A Message of Condolence
Erdoğan’s condolences on April 23 to the grandchildren of Armenian victims in 1915 is the latest example of this duality.[v]
The key sentence in the Turkish Prime Minister’s message reads: ‘We wish that the Armenians who lost their lives in the context of the early twentieth century rest in peace, and we convey our condolences to their grandchildren.’ The message also repeats Davutoğlu’s assertion that the ‘relocation’ of Armenians ‘had inhumane consequences.’ If limited to these two sentences, the message, coming from Turkey’s chief executive, is indeed unprecedented, and the international media reported it as such; no Turkish leader had offered condolences to Armenians before.
However, these two sentences constitute only about 35 words in a 700-word-long message. The rest of the message reasserts old attitudes and positions, which the international media largely ignored. Yet, their dominant presence in the message made most Armenians wary of greeting the latter with any measure of enthusiasm.
The message reiterates that the people of Anatolia had lived together for centuries regardless of their different ethnic and religious origins. It underlines that Turks, Kurds, Arabs, Armenians, and millions of other Ottoman citizens all suffered during the last years of the Ottoman Empire.
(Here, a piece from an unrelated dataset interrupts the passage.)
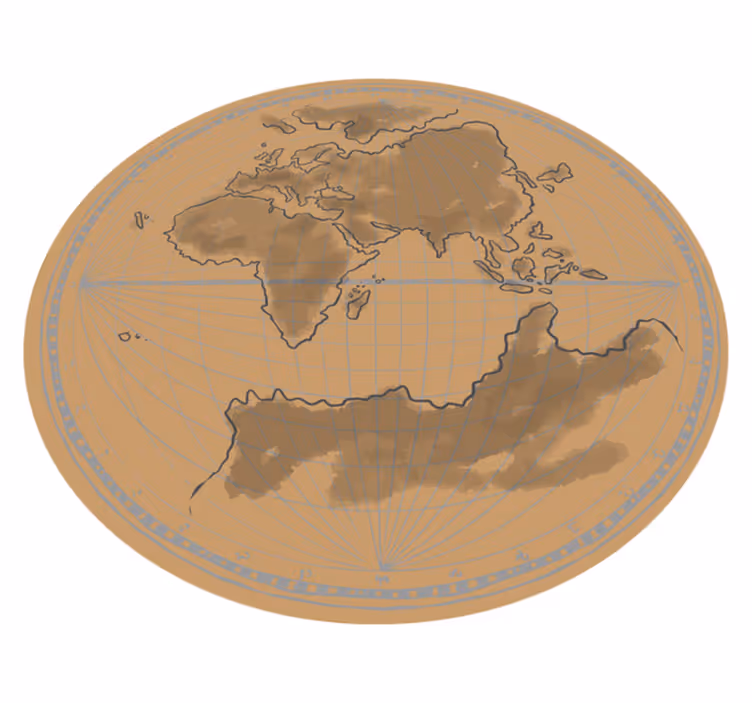 Alfombra de vinilo mapamundi contorno del mapa global - TenVinilo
It condemns ‘constructing hierarchies of pain’ or ‘comparing and contrasting suffering,’ arguing that ‘the incidents of the First World War are our shared pain’ and that this painful period of history should be evaluated through ‘a perspective of just memory.’ Referring indirectly to growing voices inside Turkey demanding the official recognition of the genocide, the message welcomes the free expression of different opinions and thoughts and asks all sides ‘to approach different discourses with empathy and tolerance.’ However, it also warns that ‘some may perceive this climate of freedom in Turkey as an opportunity to express accusatory, offensive and even provocative assertions and allegations’ and stresses that ‘using the events of 1915 as an excuse for hostility against Turkey and turning this issue into a matter of political conflict is inadmissible.’ The message repeats Turkey’s call for a commission with the participation of Armenian, Turkish and international historians to study ‘the events of 1915’ in a scholarly manner. It also takes pride in Turkey having opened its archives to all researchers. Finally, the last paragraph of the message pays tribute to ‘all Ottoman citizens who lost their lives in the same period and under similar conditions’ (emphasis added), thus reintroducing some sort of parity between Armenian and non-Armenian wartime deaths.
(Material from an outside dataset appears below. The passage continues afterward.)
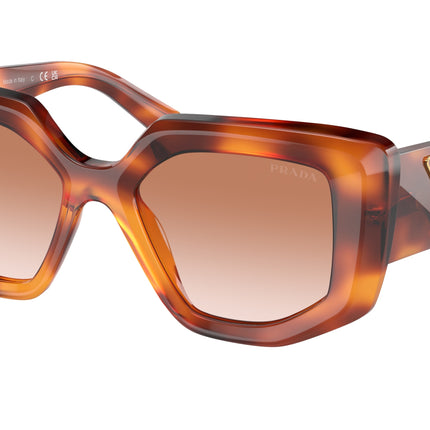 Prada PR14ZS Irregular Sunglasses  18R70E-Cognac Tortoise 50-140-18 - Color Map Brown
Most Armenians, to whom the message is addressed, will point out that while there may not have been Armenian uprisings in Asia Minor under Ottoman rule until the late 19th century, Armenian-Turkish coexistence in that period was still based on inequality; Islamic law and custom deprived non-Muslims of many basic rights enjoyed by the empire’s Muslim subjects, like joining the administration or enlisting in the army. They will also object that the notion of ‘shared pain’ does not distinguish between the circumstances under which Armenian and Muslim deaths occurred. Hundreds of thousands of Armenians died as a consequence of a premeditated government plan. Moreover, unlike the Turkish state, which continuously denies the Armenian Genocide, the Armenian state and Diasporan organizations would argue that they have never questioned the suffering of Muslims during the Balkan Wars of 1912-1913 or during the Allied attack on Gallipoli in 1915. Armenians did not cause these deaths, and they have never lobbied with foreign governments to silence public discussion of these events.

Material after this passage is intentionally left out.